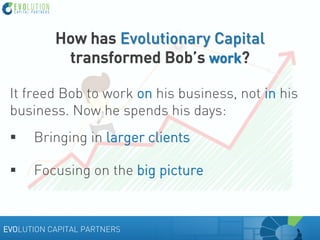 How has Evolutionary Capital
transformed Bob’s work?
It freed Bob to work on his business, not in his
business. Now he spe...
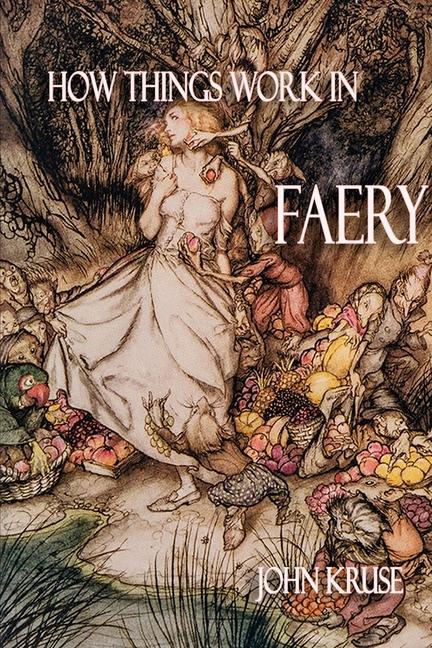 Carte How Things Work in Faery John Kruse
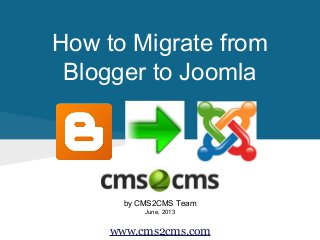 How to Migrate from
Blogger to Joomla
by CMS2CMS Team
June, 2013
www.cms2cms.com
 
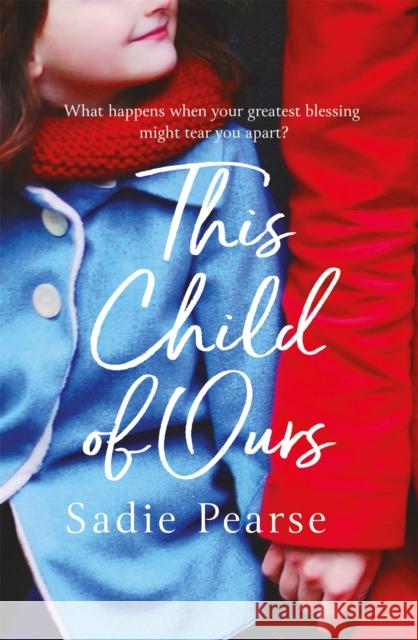 This Child of Ours: 'Broke my heart and gently pieced it back together' CATHY BRAMLEY Sadie Pearse 9780751563788 Little, Brown Book Group - książka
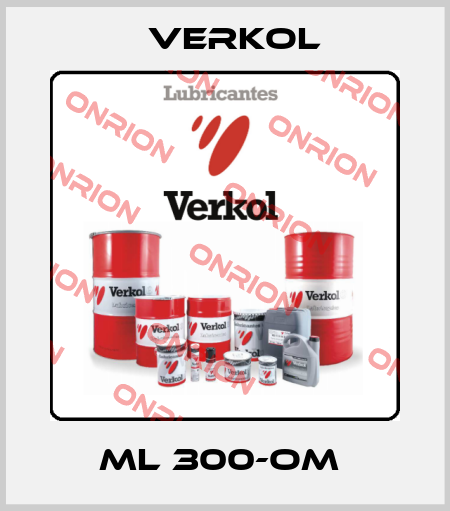 ML 300-OM  Verkol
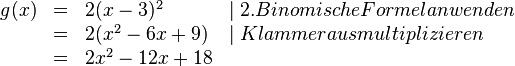 
\begin{array}{rlll}
g(x)&=&2(x-3)^2 & \mid 2. Binomische Formel anwenden 
\\ &=&2(x^2-6x+9) & \mid Klammer ausmultiplizieren 
\\ &=&2x^2-12x+18 \\
\end{array}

######

_Work request_
Every record above must be repeated exactly, with the pictures dropped.

_Your solution_
 How has Evolutionary Capital
transformed Bob’s work?
It freed Bob to work on his business, not in his
business. Now he spe...
 Carte How Things Work in Faery John Kruse
 How to Migrate from
Blogger to Joomla
by CMS2CMS Team
June, 2013
www.cms2cms.com
 
 This Child of Ours: 'Broke my heart and gently pieced it back together' CATHY BRAMLEY Sadie Pearse 9780751563788 Little, Brown Book Group - książka
 ML 300-OM  Verkol
\begin{array}{rlll}
g(x)&=&2(x-3)^2 & \mid 2. Binomische Formel anwenden 
\\ &=&2(x^2-6x+9) & \mid Klammer ausmultiplizieren 
\\ &=&2x^2-12x+18 \\
\end{array}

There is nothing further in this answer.